Reduced chi square values versus F-tests for second shell fits
Dear All, Would it be recommended to compare reduced chi square (RCS) values from the fit of the second shell only? While fitting the second shell only, the differences between RCS values of different models can be greater than when including both the first and second shells in the fit. For example, the RCS values of model 1 and model 2 for fits of the first and second shells versus just the second shell are 45 and 18, and then 60 and 17, respectively. This to me indicates that fitting the second shell separately from the first gave me a slightly better description of the misfit in that R-range. Regardless of the fitting range the RCS values say model 2 improves the fit significantly. However, if I use an F-test to compare models while fitting the second shell only, I’ve found that the difference between the models is actually less important than when including both the first and second shells in the fit. For examples, the F-test values of model 1 versus model 2 for fits of the first and second shell versus just the second shell are P=0.047 and then P=0.113, respectively. This is perhaps caused by the small R-range and hence decreased Nind when fitting the second shell only. However, it also indicates to me that the F-test says perhaps one fitting model is not such an improvement on the fit as I thought it was based purely on the decrease in RCS value. I assume significant decreases in RCS values to be about >2x, and P <0.05 for the F-test. Should RCS values and F-tests for comparing fitting models only be used when fitting two shells together or can they be used when just fitting the second shell? Kind regards, Matt Siebecker
Statistical parameters can be used with any kind of fit. I would consider that as a sort of tautology. Given that a fit is performed within a particular statistical framework, the tools standard to that framework are the tools to use. Our software does not police that your fitting model is defensible, only that it is expressed correctly in a numerical sense. Thus RCS and other statistical parameters are always well defined. That said, I am very skeptical of any analysis of only the second shell. I explain my reasoning in some detail here: http://www.mail-archive.com/ifeffit@millenia.cars.aps.anl.gov/msg03563.html If I understand you correctly, you are doing something similar to what that other person was doing. By not including the first shell in the fit, you are artificially excluding correlations between the two spectral regions and between the parameters you use to model them. I have no doubt that you are better able to model the Fourier components of the second shell in the limited sense of evaluating misfit when you exclude the first shell from the fit. You made the rather arbitrary decision to exclude a major source of uncertainty from your fitting model. That does not make your fit more defensible. Of course, there is always the possibility that I didn't quite understand the question.... B http://www.mail-archive.com/ifeffit@millenia.cars.aps.anl.gov/msg03563.html On Thursday, March 21, 2013 01:05:27 PM Matt Siebecker wrote:
Dear All,
Would it be recommended to compare reduced chi square (RCS) values from the fit of the second shell only? While fitting the second shell only, the differences between RCS values of different models can be greater than when including both the first and second shells in the fit. For example, the RCS values of model 1 and model 2 for fits of the first and second shells versus just the second shell are 45 and 18, and then 60 and 17, respectively. This to me indicates that fitting the second shell separately from the first gave me a slightly better description of the misfit in that R-range. Regardless of the fitting range the RCS values say model 2 improves the fit significantly.

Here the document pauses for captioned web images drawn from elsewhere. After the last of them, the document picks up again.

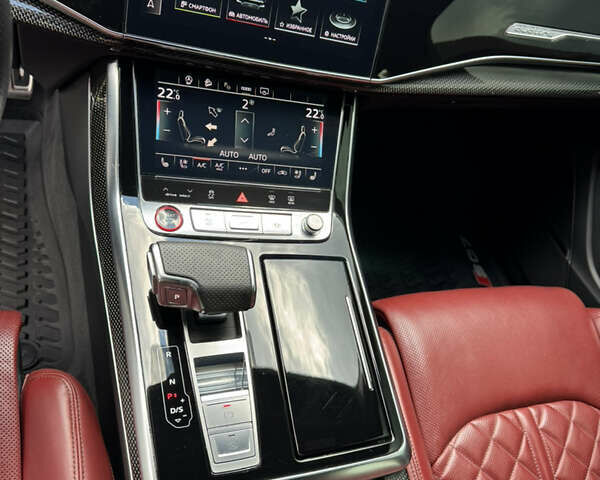 Черный Ауди SQ7, объемом двигателя 4 л и пробегом 81 тыс. км за 72500 $, фото 21 на Automoto.ua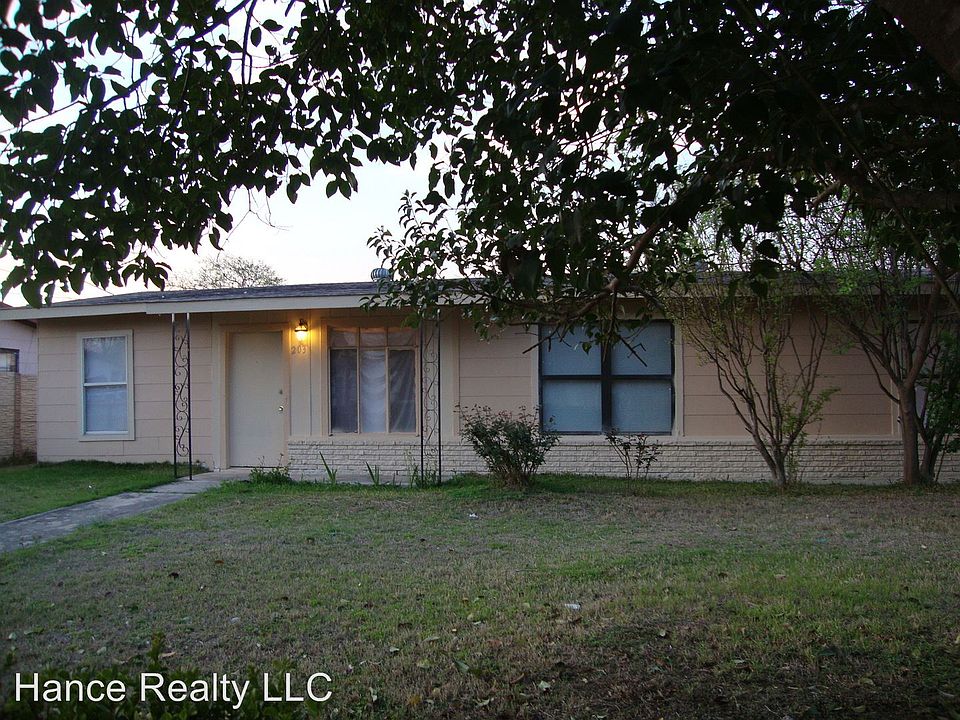 1st image of 203 Bemis Dr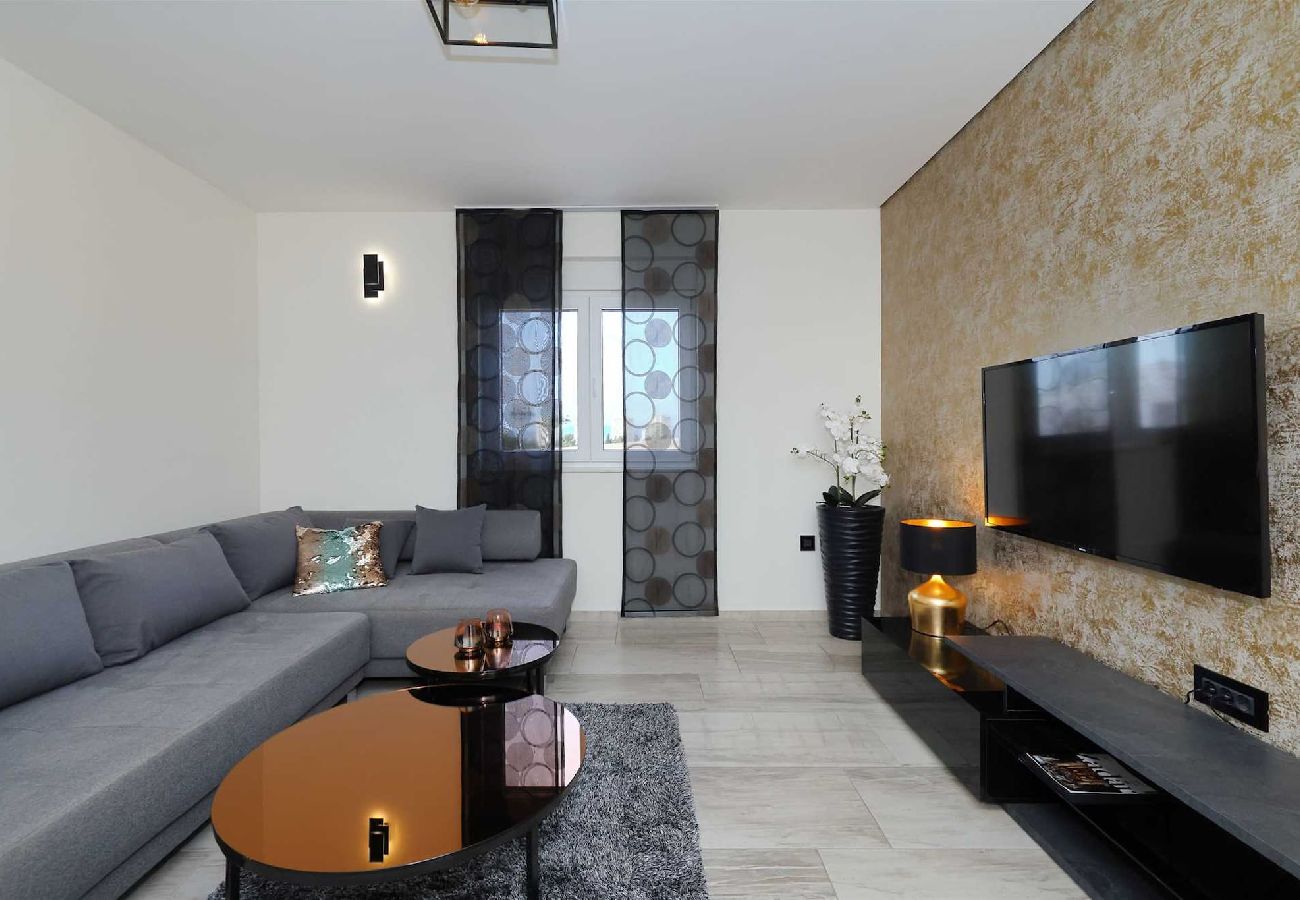 Ferienwohnung in Zadar - Ferienwohnung Luxury Apartment 4 mit Balkon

However, if I use an F-test to compare models while fitting the second shell only, I’ve found that the difference between the models is actually less important than when including both the first and second shells in the fit. For examples, the F-test values of model 1 versus model 2 for fits of the first and second shell versus just the second shell are P=0.047 and then P=0.113, respectively. This is perhaps caused by the small R-range and hence decreased Nind when fitting the second shell only. However, it also indicates to me that the F-test says perhaps one fitting model is not such an improvement on the fit as I thought it was based purely on the decrease in RCS value. I assume significant decreases in RCS values to be about >2x, and P <0.05 for the F-test.
Should RCS values and F-tests for comparing fitting models only be used when fitting two shells together or can they be used when just fitting the second shell?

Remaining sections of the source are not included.